Alphabet’s X lab spins out molten-salt energy storage project Malta - sahin-boydas
https://blog.x.company/introducing-malta-81bceb559061
======
FiatLuxDave
I'm interested to know what kind of heat pump they are using to get up to
molten salt temperatures. The only off-the-shelf high temp heat pumps you can
find are generally supercritical CO2. To get a high temperature differential
with phase change heat pumps, you typically need to use multiple stages or
have a very high compression ratio (read: quite expensive compressor). The
picture in the background looks like maybe a ceramic turbine?

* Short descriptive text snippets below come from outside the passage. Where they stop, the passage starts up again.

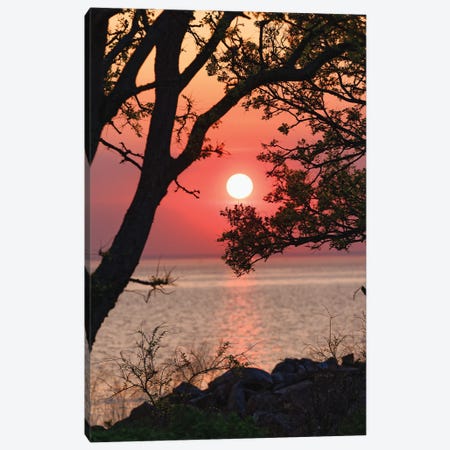 Sunset Over Lower New York Bay, Sandy Hook, New Jersey, USA Canvas Print #GOZ631} by George Oze Canvas Art
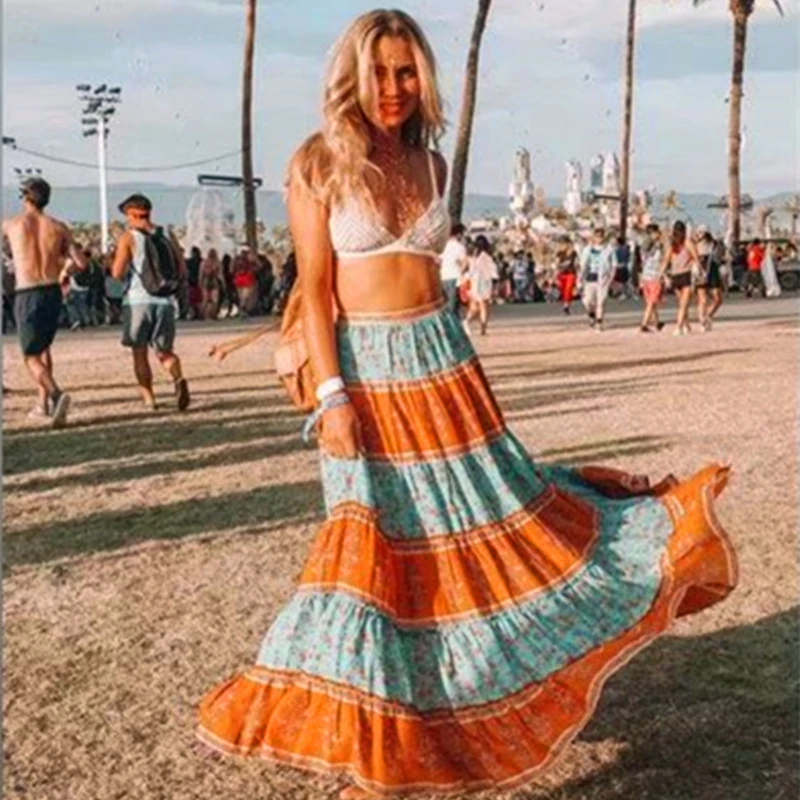 Женская пляжная юбка с цветочным принтом длинная трапеция в стиле бохо высокой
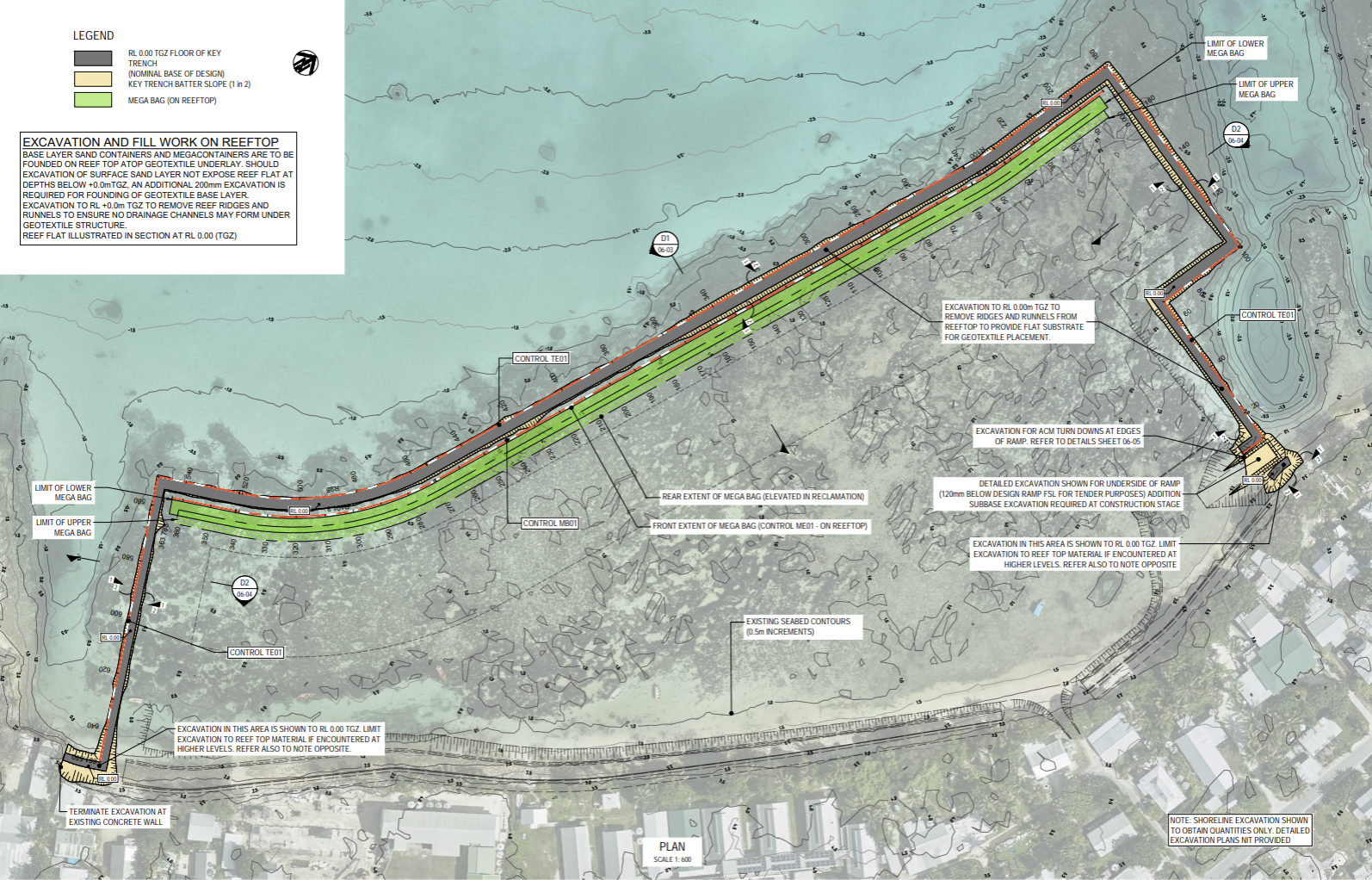 Engineering plan showing the TCAP1B key trench and geotextile mega bag coastal protection works on Fogafale, Funafuti, Tuvalu.
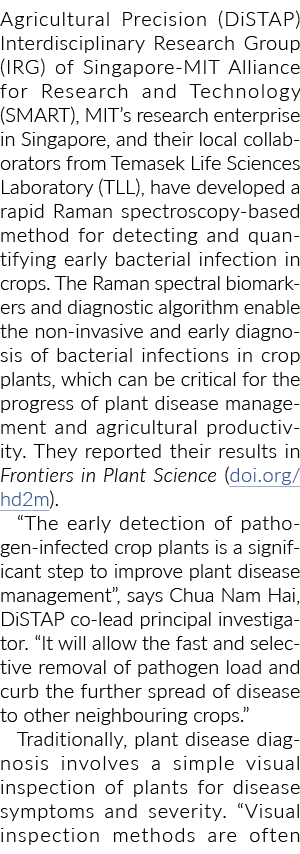 Agricultural Precision (DiSTAP) Interdisciplinary Research Group (IRG) of Singapore-MIT Alliance for Research and Tec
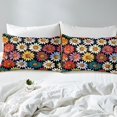 thumbnail image 3 of YST Draps de Lit Fleur Groovy Format Double Drap-Housse Marguerite Colorée Ensemble de Literie Floral Rétro des Années 60 70 pour Enfants Adultes, Housse de Lit Fleur Hippie Mignonne 2 Taies d'Oreiller, 3 of 4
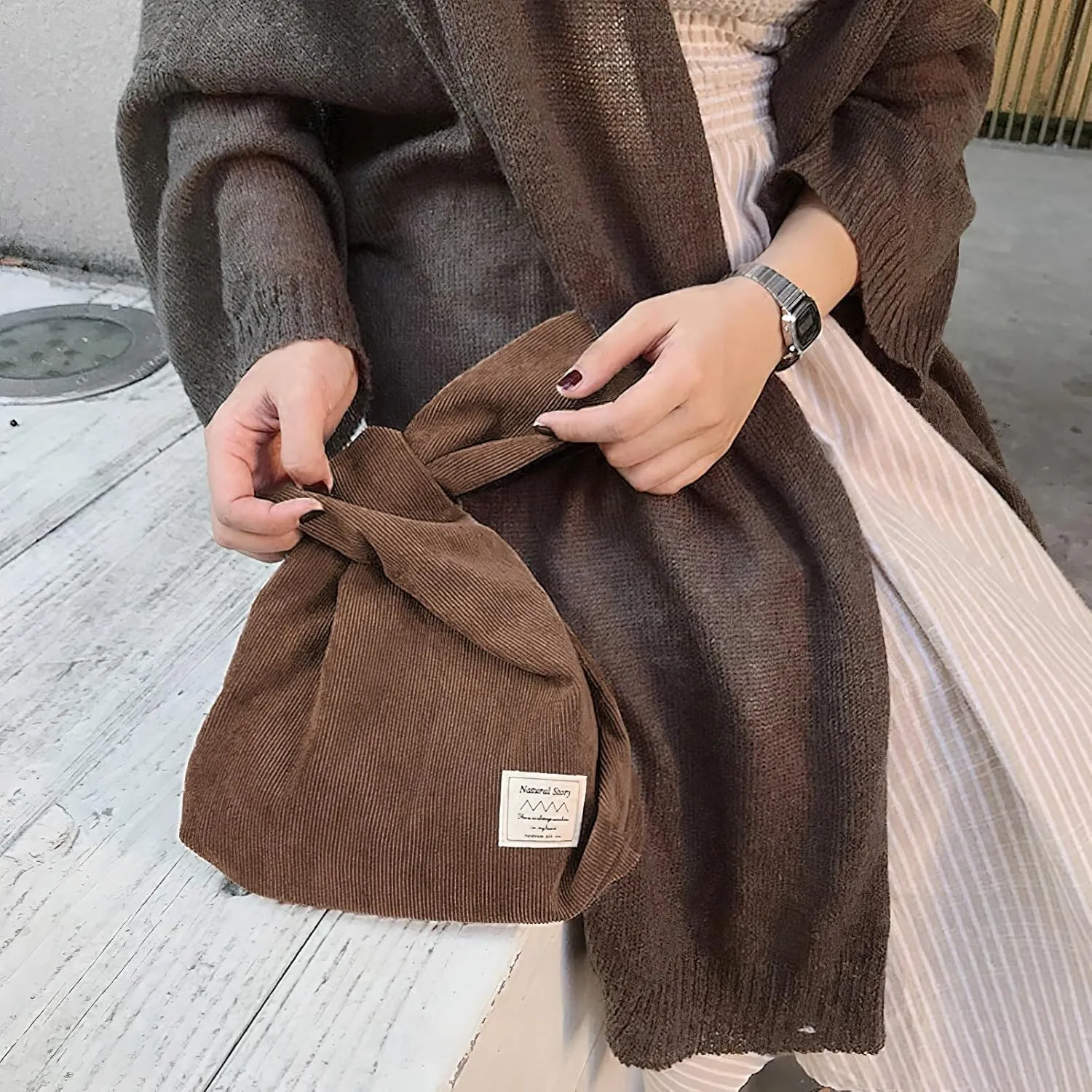 Corduroy Wristlet Wallet for Women Portable Wrist Bag Sleeve-Knot-Pouch (Very Small Size)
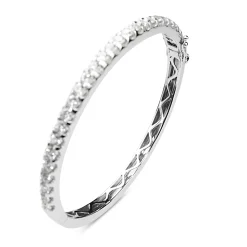 9ct White Gold 3.05ct Diamond Bangle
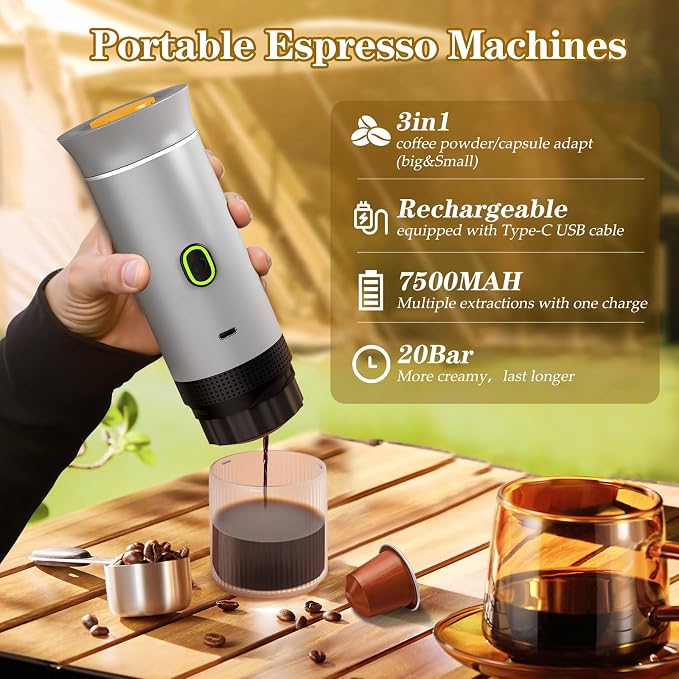 Portable Espresso Maker, Travel Coffee Maker for camping, Portable Espresso Machine with USB-C, 3-in-1 Small Espresso Machine with Ground Coffee & Capsules (NS＆DG) for RV, Hiking (Silver)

Anyone who has any information on this, I'd be interested to hear more about
the details.

------
partingshots
I like it. Conventional batteries are inefficient for grid level stationary
energy storage. Battery packs should stick to their strengths in areas where
portability is more important. With the aspect of not having to be moved,
molten-salt storage is cheaper and more cost-effective with pretty much zero
downsides.

Congratulations to the team that figured out how to build the corrosion
resistant materials they're using for storing molten salt. This has been a
defining bottleneck for decades now and is a huge accomplishment.

------
occamrazor
My memories of thermodynamics are old and full of gaps, but from what I
remember both steps, if performed at "normal temperatures, necessarily produce
a waste of energy. The first step, i.e. using electricity to drive a heat
pump, is efficient only if the temperature differential between the cold body
and the hot one is small. On the other side, conversion of thermal energy into
electricity is efficient only if the temperature differential is large. How
does Malta overcome this problem?

------
syntaxing
I am so curious about this project and really hope for it's success. But heat
pumps and PV curves have been studies for centuries. I'm super curious what
Alphabet has to offer that is cutting edge. That being said, I really hope
they are going to use a Stirling engine to convert the heat back into
electricity rather than a turbine. A large scale maintenance free Stirling
pump has always been my dream.

------
sahin-boydas
[https://venturebeat.com/2018/12/19/alphabets-x-lab-spins-
out...](https://venturebeat.com/2018/12/19/alphabets-x-lab-spins-out-molten-
salt-energy-storage-project-malta-as-an-independent-company/)

------
b_tterc_p
How easy would it be to transport temperaturized salt compared to sending
electricity through a grid? Or rather, could we use this to generate large
amounts of renewable energy in remote but energy dense or low land cost
locations and then ship it back to populous areas?